Vanaf het station Oriente nemen we de trein om in het stadsdeel Alfama te komen. Deze wijk is bij de aardbeving van 1755 zo goed als gespaard gebleven, en is daardoor een van de oudste wijken van Lissabon. Het station Santa Apolonia is een kopstation, ook voor de meeste internationale treinen van en naar Lissabon. Het station is in 1865 geopend en het oudste in Lissabon.

Tegenover het station is het Militair Museum (gevestigd in een oud arsenaal). Het schijnt een van de grootste militaire musea ter wereld te zijn, maar ons boeit dat niet zo. Wel hebben ze, naar men zegt, het geweer van local hero met wereldwijde faam Vasco da Gama in de collectie. We lopen alleen maar even de binnenplaats op en bewonderen de muurschilderingen.

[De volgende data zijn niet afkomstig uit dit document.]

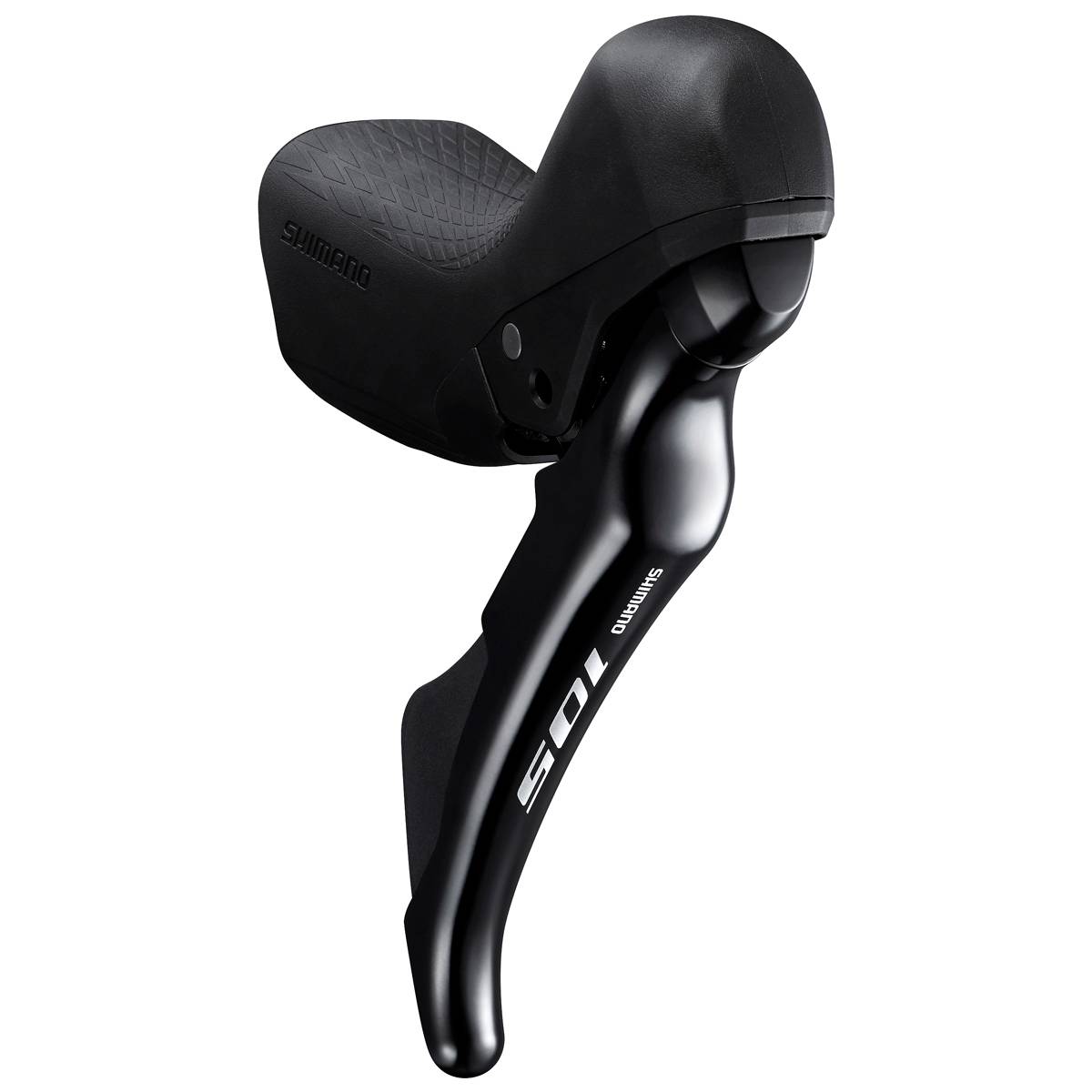 Shimano ST-R7025 + BR-R7070 Gir/Bremsehendel + Brems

Daarna lopen we omhoog aan de buitenkant van de wijk waar niet veel andere toeristen zijn. Later blijkt de klim ruim 90 meter te zijn. We komen langs het Panteão Nacional, een grote aandachttrekker en verder veel doorkijkjes naar de Taag. Het voor ons hoogste punt vandaag is de Miradoura in het Quartel da Graça. Vanaf dit uitzichtpunt maken we foto’s waarop onder meer het Castelo de São Jorge, verscholen in het groen en ook Alfama van boven.


Voor de terugweg nemen we op de Largo da Graça een klassiek ogende elektrische tram van de lijn 28. Enig opzoekwerk leert dat de wagens ook echt klassiek zijn: alleen de Remodelado trams die in de jaren 30 zijn gekocht zijn in staat door de kronkeligen en steile straatjes te rijden. Het is een spectaculaire rit, extra aantrekkelijk omdat we allebei in het rijtuig met 20 zit- en 38 staanplaatsen een plaatsje aan het open raam vinden. In de wijk is het inmiddels behoorlijk druk, ook met de onvermijdelijke grote groepen Japanse toeristen. De rit eindigt op het Campo Quirique bij de grote begraafplaats Ciméterio dos Prazeres.

Vanaf de begraafplaats brengen gewone stadsbussen (met een aantal keren overstap) ons weer bij de camping.